→ Work to complete: Transcribe word for word the section of the records below that opens with the line containing "Fahndungsfoto von Daniela" and closes with the line containing "MOA BRAND ドレス"; drop every picture.

→ Task material:
════════════════
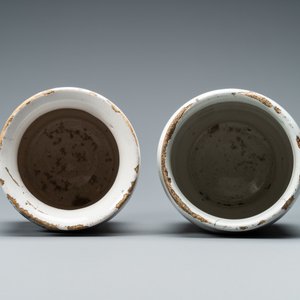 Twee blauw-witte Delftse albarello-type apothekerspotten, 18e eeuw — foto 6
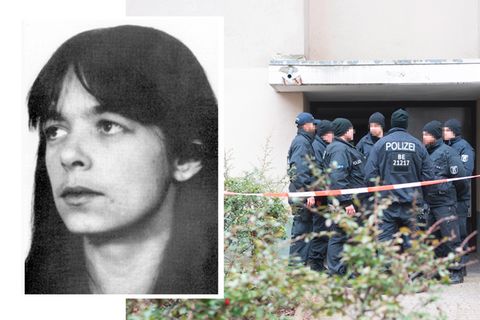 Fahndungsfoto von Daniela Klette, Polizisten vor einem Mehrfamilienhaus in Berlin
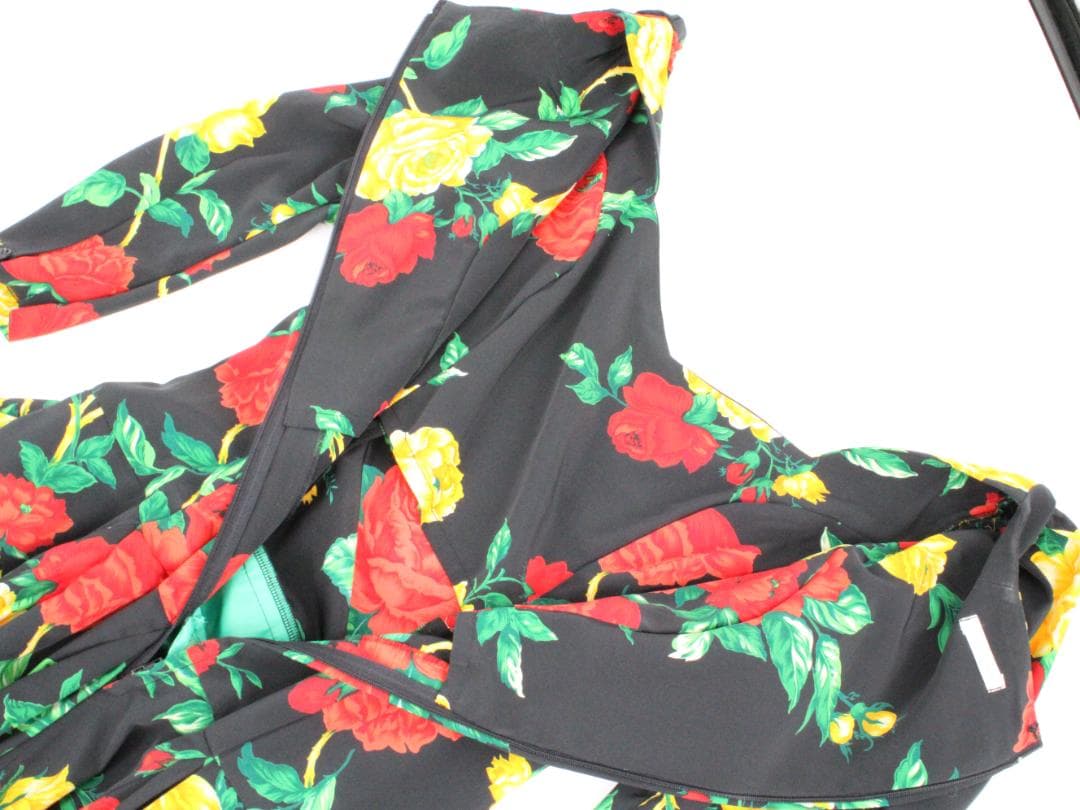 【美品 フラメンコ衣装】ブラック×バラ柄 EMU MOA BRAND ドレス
════════════════
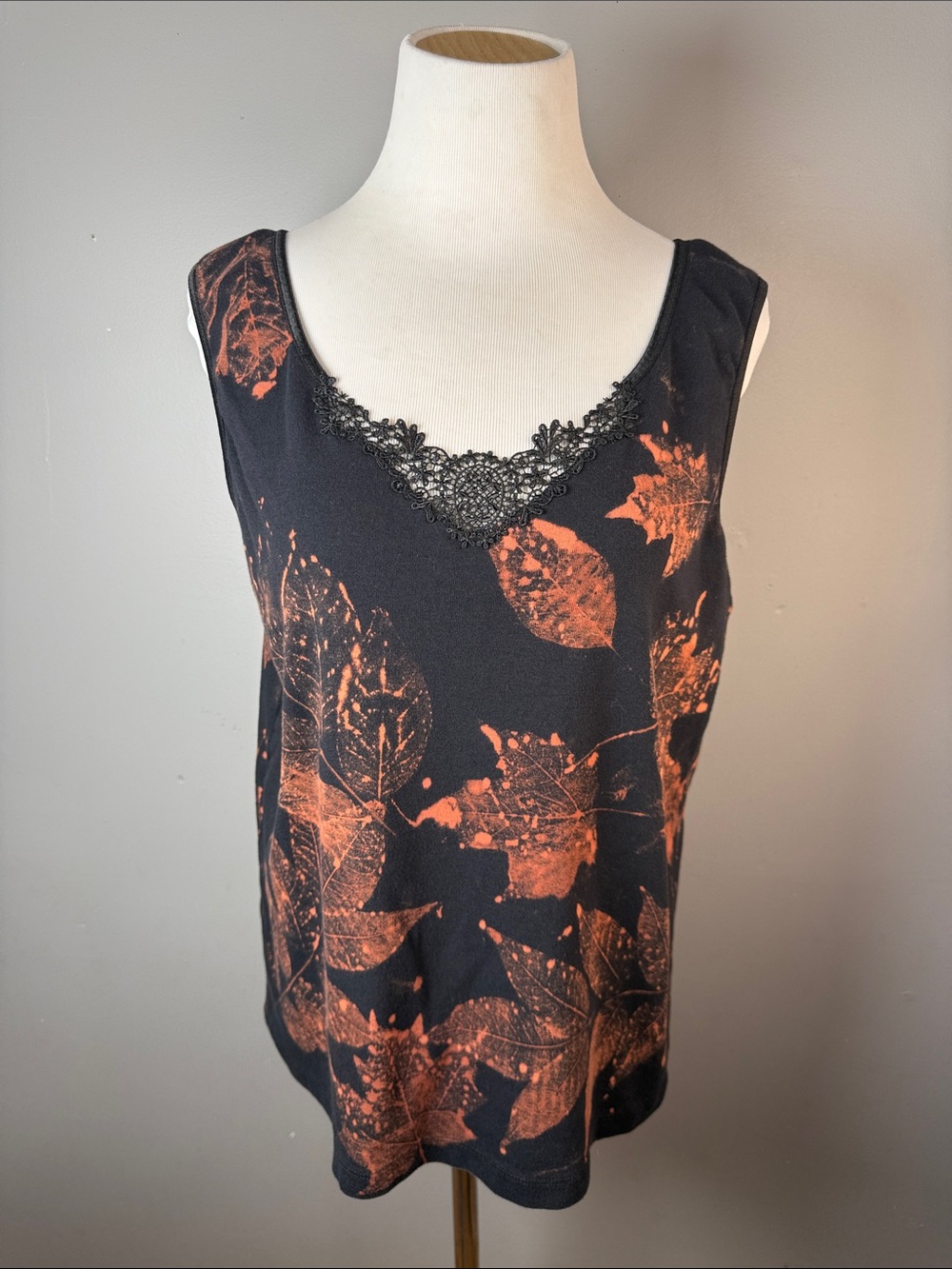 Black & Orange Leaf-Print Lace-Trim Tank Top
════════════════
→ Response to the exercise:
 Fahndungsfoto von Daniela Klette, Polizisten vor einem Mehrfamilienhaus in Berlin
 【美品 フラメンコ衣装】ブラック×バラ柄 EMU MOA BRAND ドレス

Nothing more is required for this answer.